Records drawn from a dataset
--------------------
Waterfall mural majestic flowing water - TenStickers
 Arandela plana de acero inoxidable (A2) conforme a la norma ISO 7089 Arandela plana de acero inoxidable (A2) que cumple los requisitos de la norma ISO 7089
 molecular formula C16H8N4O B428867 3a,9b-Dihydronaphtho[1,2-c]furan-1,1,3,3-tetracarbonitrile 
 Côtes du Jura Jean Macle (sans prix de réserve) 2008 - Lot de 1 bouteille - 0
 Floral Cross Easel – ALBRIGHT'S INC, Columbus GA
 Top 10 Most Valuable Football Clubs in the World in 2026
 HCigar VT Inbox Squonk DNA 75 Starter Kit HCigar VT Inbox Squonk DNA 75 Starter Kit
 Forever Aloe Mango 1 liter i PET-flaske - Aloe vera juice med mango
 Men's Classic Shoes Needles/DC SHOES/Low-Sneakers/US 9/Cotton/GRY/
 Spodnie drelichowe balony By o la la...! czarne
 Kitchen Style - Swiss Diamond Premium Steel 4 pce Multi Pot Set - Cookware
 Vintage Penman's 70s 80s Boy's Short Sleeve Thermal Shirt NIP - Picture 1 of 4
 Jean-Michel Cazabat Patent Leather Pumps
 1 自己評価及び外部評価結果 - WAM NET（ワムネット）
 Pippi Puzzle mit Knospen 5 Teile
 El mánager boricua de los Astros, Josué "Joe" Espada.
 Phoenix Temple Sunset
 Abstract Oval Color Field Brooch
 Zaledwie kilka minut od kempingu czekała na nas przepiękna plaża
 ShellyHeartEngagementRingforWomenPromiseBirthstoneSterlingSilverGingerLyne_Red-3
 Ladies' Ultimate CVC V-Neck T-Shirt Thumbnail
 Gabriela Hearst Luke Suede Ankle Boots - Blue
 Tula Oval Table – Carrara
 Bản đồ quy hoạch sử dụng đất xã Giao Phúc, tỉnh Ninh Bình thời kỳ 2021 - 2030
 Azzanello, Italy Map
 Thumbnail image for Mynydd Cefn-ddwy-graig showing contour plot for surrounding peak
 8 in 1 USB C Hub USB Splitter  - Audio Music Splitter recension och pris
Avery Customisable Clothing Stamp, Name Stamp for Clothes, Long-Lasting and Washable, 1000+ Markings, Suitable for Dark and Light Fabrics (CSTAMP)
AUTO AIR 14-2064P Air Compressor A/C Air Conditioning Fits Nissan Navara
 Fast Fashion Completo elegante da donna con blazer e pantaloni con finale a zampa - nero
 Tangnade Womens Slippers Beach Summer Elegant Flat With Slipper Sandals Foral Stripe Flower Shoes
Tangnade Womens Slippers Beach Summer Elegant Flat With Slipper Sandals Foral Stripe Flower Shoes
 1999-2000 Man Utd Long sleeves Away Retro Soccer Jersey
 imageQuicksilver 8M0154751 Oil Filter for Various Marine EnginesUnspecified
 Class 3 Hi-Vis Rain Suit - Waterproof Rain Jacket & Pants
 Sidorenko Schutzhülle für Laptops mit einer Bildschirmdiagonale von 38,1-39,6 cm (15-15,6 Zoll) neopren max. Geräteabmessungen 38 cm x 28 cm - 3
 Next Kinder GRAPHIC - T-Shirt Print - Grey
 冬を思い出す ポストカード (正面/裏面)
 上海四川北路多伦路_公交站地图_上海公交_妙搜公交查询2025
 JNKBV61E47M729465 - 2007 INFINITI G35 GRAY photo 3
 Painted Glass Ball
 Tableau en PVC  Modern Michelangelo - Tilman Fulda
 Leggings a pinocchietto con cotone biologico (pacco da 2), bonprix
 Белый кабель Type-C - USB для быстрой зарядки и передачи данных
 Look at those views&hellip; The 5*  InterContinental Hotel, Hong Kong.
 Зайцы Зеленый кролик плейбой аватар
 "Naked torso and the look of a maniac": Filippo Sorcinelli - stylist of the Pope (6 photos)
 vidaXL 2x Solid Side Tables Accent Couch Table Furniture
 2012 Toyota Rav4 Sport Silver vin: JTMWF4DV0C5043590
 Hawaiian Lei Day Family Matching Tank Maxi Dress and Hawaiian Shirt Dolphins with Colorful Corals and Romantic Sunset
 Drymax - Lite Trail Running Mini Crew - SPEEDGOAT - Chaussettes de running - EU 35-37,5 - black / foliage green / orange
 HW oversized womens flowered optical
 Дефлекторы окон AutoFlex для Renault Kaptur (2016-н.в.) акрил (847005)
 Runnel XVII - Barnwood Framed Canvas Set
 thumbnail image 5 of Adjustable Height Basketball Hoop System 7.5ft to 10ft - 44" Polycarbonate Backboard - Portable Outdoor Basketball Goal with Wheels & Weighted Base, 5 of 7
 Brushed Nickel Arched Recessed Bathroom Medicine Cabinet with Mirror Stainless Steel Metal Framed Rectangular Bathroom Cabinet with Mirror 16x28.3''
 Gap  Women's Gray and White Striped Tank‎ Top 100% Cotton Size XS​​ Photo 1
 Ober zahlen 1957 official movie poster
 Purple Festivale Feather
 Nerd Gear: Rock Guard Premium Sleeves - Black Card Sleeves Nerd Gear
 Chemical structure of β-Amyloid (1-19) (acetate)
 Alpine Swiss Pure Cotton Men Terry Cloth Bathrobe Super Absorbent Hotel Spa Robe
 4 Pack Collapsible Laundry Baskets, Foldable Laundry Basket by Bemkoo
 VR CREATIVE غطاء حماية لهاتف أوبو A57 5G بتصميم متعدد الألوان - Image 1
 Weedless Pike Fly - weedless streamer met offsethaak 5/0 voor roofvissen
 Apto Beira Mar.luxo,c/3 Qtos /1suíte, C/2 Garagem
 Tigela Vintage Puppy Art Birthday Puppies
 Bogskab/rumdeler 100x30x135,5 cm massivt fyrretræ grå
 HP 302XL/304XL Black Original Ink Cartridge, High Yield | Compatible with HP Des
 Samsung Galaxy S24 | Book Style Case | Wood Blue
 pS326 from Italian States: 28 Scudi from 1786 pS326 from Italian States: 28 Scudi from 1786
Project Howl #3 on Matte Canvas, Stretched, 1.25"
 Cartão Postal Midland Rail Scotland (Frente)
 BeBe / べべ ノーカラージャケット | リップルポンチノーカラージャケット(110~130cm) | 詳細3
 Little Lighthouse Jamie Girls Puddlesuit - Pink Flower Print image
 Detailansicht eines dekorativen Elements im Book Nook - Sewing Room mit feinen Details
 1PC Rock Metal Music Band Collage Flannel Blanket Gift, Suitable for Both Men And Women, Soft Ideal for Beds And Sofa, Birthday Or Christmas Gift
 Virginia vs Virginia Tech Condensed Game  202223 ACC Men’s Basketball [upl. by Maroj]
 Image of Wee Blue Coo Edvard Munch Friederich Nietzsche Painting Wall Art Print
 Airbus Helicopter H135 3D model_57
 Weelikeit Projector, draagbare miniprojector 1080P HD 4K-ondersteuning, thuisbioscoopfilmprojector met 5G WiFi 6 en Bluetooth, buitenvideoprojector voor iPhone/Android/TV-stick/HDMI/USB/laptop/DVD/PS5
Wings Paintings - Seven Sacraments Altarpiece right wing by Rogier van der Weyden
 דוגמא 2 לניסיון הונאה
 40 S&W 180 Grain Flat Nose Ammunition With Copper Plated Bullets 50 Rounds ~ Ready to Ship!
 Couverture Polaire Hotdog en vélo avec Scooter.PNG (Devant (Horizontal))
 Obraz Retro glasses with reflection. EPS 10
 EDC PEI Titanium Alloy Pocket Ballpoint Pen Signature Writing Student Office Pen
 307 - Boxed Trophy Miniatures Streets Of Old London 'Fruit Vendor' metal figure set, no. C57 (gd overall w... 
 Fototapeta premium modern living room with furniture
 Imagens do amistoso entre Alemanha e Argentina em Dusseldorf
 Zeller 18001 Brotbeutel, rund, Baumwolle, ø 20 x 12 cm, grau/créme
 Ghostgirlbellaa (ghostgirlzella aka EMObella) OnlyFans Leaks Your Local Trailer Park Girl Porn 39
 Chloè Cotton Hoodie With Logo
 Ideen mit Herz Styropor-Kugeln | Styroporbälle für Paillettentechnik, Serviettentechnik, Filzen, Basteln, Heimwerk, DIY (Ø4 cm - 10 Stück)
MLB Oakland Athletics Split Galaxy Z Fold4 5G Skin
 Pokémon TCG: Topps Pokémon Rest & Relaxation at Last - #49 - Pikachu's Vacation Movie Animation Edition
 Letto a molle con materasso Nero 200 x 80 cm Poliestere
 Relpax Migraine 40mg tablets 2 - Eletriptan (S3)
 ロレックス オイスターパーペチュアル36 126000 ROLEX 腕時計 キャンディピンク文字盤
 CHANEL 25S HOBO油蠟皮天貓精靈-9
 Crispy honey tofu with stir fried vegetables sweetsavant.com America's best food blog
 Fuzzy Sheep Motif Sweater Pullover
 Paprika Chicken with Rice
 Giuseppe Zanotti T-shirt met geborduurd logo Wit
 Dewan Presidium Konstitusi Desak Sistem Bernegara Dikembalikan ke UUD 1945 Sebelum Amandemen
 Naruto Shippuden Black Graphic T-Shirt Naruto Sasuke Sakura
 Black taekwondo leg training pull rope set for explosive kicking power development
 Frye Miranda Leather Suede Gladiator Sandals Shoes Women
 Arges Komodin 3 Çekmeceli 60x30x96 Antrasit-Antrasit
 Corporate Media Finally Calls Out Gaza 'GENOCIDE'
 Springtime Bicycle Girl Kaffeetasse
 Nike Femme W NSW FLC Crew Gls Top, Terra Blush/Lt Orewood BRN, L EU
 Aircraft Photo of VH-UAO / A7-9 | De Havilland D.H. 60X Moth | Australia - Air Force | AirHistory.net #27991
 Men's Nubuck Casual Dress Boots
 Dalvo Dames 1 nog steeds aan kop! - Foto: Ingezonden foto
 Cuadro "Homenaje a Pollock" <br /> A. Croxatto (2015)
--------------------
__About this exercise__:
Return the span of lines in the data above that opens at the line with "דוגמא 2 לניסיון הונאה" and closes at the line with "307 - Boxed", exactly, ends included, nothing else.

__Expected answer__:
 דוגמא 2 לניסיון הונאה
 40 S&W 180 Grain Flat Nose Ammunition With Copper Plated Bullets 50 Rounds ~ Ready to Ship!
 Couverture Polaire Hotdog en vélo avec Scooter.PNG (Devant (Horizontal))
 Obraz Retro glasses with reflection. EPS 10
 EDC PEI Titanium Alloy Pocket Ballpoint Pen Signature Writing Student Office Pen
 307 - Boxed Trophy Miniatures Streets Of Old London 'Fruit Vendor' metal figure set, no. C57 (gd overall w... 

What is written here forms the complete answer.